- **Records**:
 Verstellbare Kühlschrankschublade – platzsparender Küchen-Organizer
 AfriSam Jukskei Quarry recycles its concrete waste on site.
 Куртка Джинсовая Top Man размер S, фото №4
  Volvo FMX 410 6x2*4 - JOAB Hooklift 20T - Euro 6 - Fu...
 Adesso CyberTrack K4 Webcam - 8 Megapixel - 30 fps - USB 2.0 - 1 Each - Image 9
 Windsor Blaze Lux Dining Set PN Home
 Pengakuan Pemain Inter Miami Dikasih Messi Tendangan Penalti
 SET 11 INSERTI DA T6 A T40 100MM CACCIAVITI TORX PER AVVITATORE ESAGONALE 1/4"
...
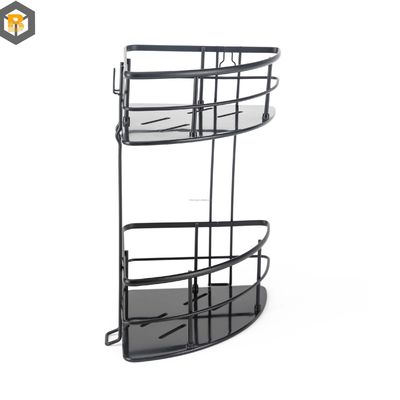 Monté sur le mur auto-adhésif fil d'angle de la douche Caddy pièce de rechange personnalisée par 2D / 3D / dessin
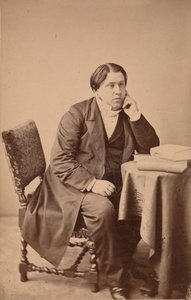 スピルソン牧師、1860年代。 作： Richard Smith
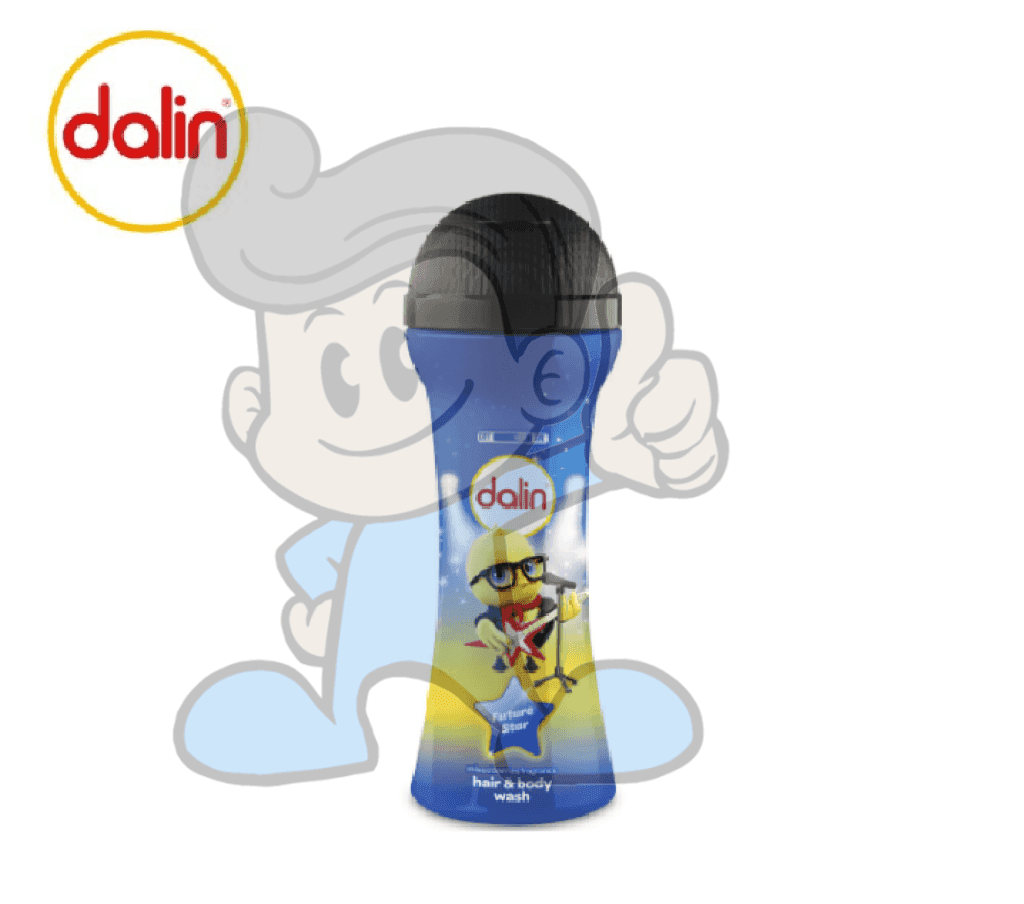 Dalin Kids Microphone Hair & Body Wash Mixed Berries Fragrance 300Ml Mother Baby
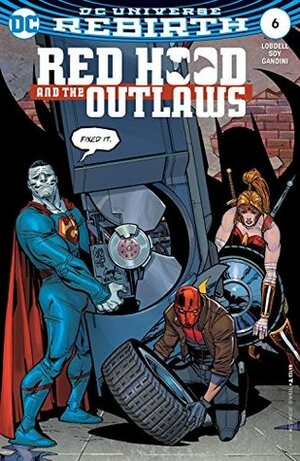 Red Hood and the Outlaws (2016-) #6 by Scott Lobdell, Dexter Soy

- **Problem details**:
Using the data above, extract exactly the lines from the one that holds "Volvo FMX 410" to the one that holds "SET 11 INSERTI", both ends included, and no others.

- **Response to the task**:
  Volvo FMX 410 6x2*4 - JOAB Hooklift 20T - Euro 6 - Fu...
 Adesso CyberTrack K4 Webcam - 8 Megapixel - 30 fps - USB 2.0 - 1 Each - Image 9
 Windsor Blaze Lux Dining Set PN Home
 Pengakuan Pemain Inter Miami Dikasih Messi Tendangan Penalti
 SET 11 INSERTI DA T6 A T40 100MM CACCIAVITI TORX PER AVVITATORE ESAGONALE 1/4"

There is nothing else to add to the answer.